## Source records
>>

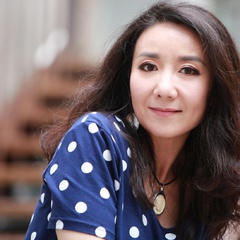 胜美嫂子 扮演者 赵千紫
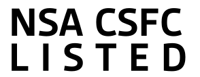 Nsa Csfc Listed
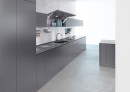 KES tipping FREElight type B gray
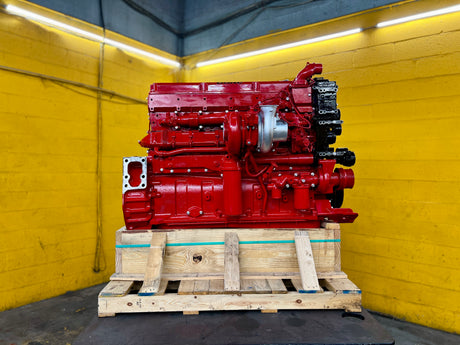 2005 Cummins ISX Diesel Engine For Sale, CPL# 8520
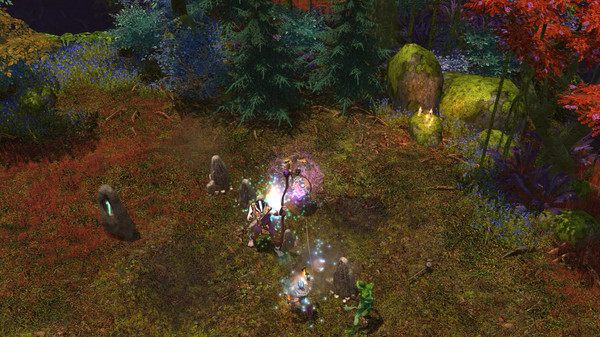 Screenshot 16 of Titan Quest: Ragnarök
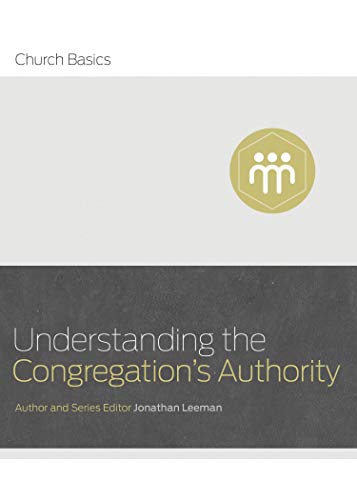 Understanding the Congregation&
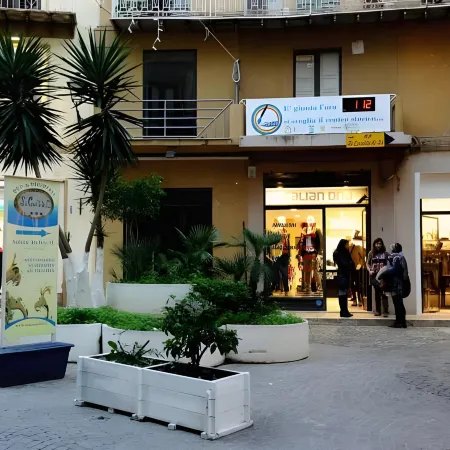 B&B le Casette di Lù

<<

## EXERCISE REQUIREMENTS
From the line containing "Understanding the Congregation&" down to the end of the data above, reproduce each line exactly; no pictures.

## ANSWER TO THE PROBLEM
 Understanding the Congregation&
 B&B le Casette di Lù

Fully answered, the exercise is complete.